HISTORIAS DEL REINO
Semana Santa: una reflexión
Llovió. Como el año pasado. Y, con el agua, se fueron parte de las ilusiones, esperanzas y sacrificios de miles de cofrades que volvieron sus ojos al cielo para rezar pero, también, para rogar una tregua meteorológica que no llegó salvo a ratos. Junto a la tristeza de los adultos otra resulta más dolorosa si cabe: la de los niños que soñaban con vestirse por primera vez de papones. Nerviosos, ellos también miraban hacia las nubes por la mañana, tentaban la mala suerte endémica de los últimos años vistiéndose porque, si se vestían de papones, seguro que el sol volvería a alumbrar para permitirles cumplir con su esperanza de caminar detrás de uno de los pasos de su Cofradía, fuera ésta cual fuese.

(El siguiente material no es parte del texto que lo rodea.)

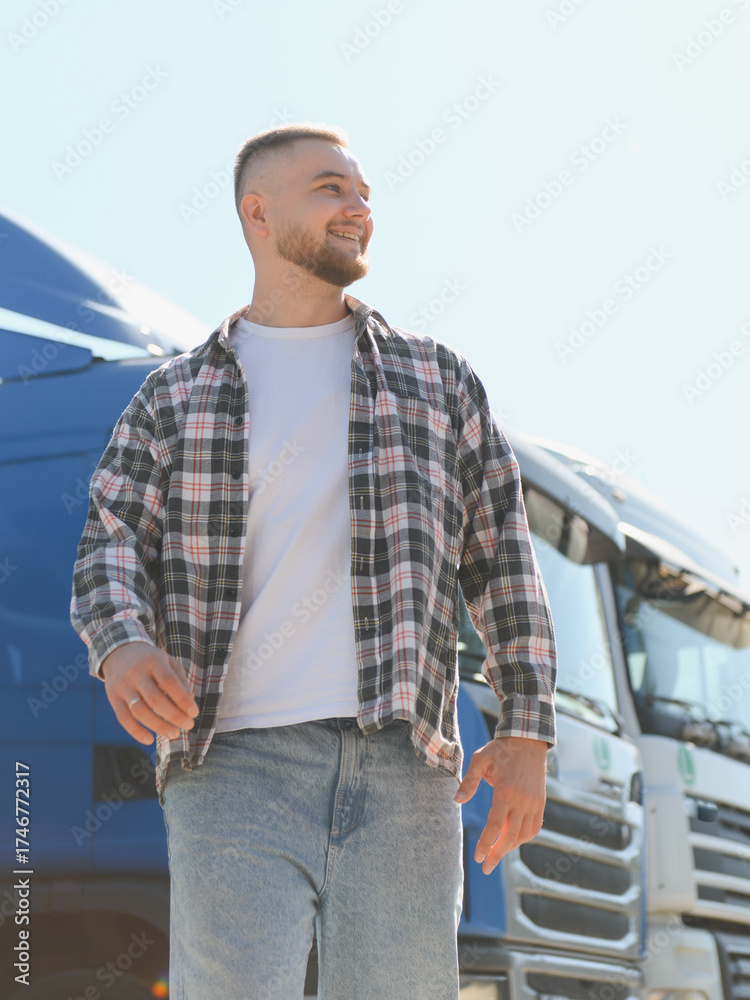 Fototapeta premium Truck driver smiling looking away next to vehicle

Pero no. El gris predominó sobre el azul, las lágrimas desde lo alto empaparon la tierra, el asfalto, las túnicas, los corazones, golpearon las flores, se deslizaron por los rostros y acabaron arrastrando el trabajo de doce meses, deshaciéndolo en un río de nada. De poco sirve que, en ocasiones, despuntara el calor del sol, hiriendo los ojos, o que fuera benevolente con alguna procesión si, para la mayoría, esta Semana Santa, triste como ninguna, sólo pudo vivirse desde el interior de los templos de piedra o desde los corazones.

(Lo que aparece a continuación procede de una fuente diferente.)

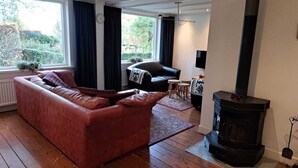 A cozy living room with a red sofa, a black armchair, a fireplace, and a large window with curtains. - Villa in Vessem near Eindhoven (Vessem)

El Jueves Santo, día en que los cristianos conmemoramos la Última Cena del Señor con sus Apóstoles, las misas, abarrotadas de creyentes, alzaban como una sola voz sus miedos y temores para convertirlos en oración y portar ésta hasta los pies del Salvador, presentándolas en humilde súplica, esperanzada, que busca también un rayo de luz entre los nubarrones de crisis y desmoronamiento total en los que vivimos. En San Isidoro, esa tarde, no cabía un alma más. No había donde sentarse. Niños, viejos, hombres, mujeres, leoneses y foráneos. Hermanos todos por una hora en la que ese relicario de paz con mil años a sus espaldas nos protegió a todos en un día tan simbólico para quienes intentan, con mayor o menor fortuna, convertirse en templo del Señor, transformar sus almas para que brillen con la fuerza divina que reside en cada uno y que, a menudo, olvidamos que poseemos, derrotados por la oscuridad y el miedo.

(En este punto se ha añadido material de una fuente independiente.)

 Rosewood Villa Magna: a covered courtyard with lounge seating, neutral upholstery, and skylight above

Tal vez estas dos últimas Semanas Santas hayan servido para que miremos más hacia dentro de cada uno de nosotros, ya que el inmisericorde tiempo no ha concedido esa paz que rogábamos para procesionar, la misma que hubiera permitido levantar un poco de cabeza al turismo, a la hostelería, alegrar a los pequeños, recompensar a los mayores por su trabajo abnegado de meses de preparación. Nubes y claros, oscuridad y luz, esperanza y desesperanza. Juntas, mezcladas, revueltas incluso. Ilusión y tristeza. Ese podría ser el resumen de estos días de Pasión.